Work required => Go through the data and copy each line that holds "Maison".

The data =>
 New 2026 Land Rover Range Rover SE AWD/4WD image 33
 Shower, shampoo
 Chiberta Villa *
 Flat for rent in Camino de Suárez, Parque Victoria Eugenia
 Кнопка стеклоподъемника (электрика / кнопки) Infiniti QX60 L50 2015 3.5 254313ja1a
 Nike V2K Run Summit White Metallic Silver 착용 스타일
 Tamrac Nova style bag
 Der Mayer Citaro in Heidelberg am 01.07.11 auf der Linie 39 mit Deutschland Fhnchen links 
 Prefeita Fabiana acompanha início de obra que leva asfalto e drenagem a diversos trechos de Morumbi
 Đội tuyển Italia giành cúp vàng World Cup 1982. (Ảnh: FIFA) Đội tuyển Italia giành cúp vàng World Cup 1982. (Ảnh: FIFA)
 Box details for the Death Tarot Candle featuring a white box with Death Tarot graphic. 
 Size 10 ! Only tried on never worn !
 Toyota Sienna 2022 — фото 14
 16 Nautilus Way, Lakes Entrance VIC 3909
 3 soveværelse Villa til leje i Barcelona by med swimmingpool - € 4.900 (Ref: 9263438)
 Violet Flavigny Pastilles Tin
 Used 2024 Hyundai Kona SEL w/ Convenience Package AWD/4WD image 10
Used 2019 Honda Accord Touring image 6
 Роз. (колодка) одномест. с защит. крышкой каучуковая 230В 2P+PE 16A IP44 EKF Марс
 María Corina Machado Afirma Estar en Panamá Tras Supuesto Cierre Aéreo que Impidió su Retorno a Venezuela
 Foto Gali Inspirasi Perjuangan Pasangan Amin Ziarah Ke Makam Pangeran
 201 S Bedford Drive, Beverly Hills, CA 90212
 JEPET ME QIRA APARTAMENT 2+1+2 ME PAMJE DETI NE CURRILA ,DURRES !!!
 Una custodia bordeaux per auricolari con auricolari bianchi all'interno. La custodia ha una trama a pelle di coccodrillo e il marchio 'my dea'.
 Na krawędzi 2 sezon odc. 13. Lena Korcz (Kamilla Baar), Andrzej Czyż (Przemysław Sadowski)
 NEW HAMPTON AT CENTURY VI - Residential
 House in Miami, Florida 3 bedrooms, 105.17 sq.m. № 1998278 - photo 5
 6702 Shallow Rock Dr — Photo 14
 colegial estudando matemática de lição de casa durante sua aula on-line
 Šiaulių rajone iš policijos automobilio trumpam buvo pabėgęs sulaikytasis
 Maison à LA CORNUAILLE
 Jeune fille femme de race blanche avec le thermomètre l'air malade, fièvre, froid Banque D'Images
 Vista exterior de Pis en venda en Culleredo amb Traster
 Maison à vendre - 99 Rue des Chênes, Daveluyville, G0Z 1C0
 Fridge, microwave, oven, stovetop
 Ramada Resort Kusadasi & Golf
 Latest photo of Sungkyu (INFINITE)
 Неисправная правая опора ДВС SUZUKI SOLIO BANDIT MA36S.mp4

Output for this task =>
 Maison à LA CORNUAILLE
 Maison à vendre - 99 Rue des Chênes, Daveluyville, G0Z 1C0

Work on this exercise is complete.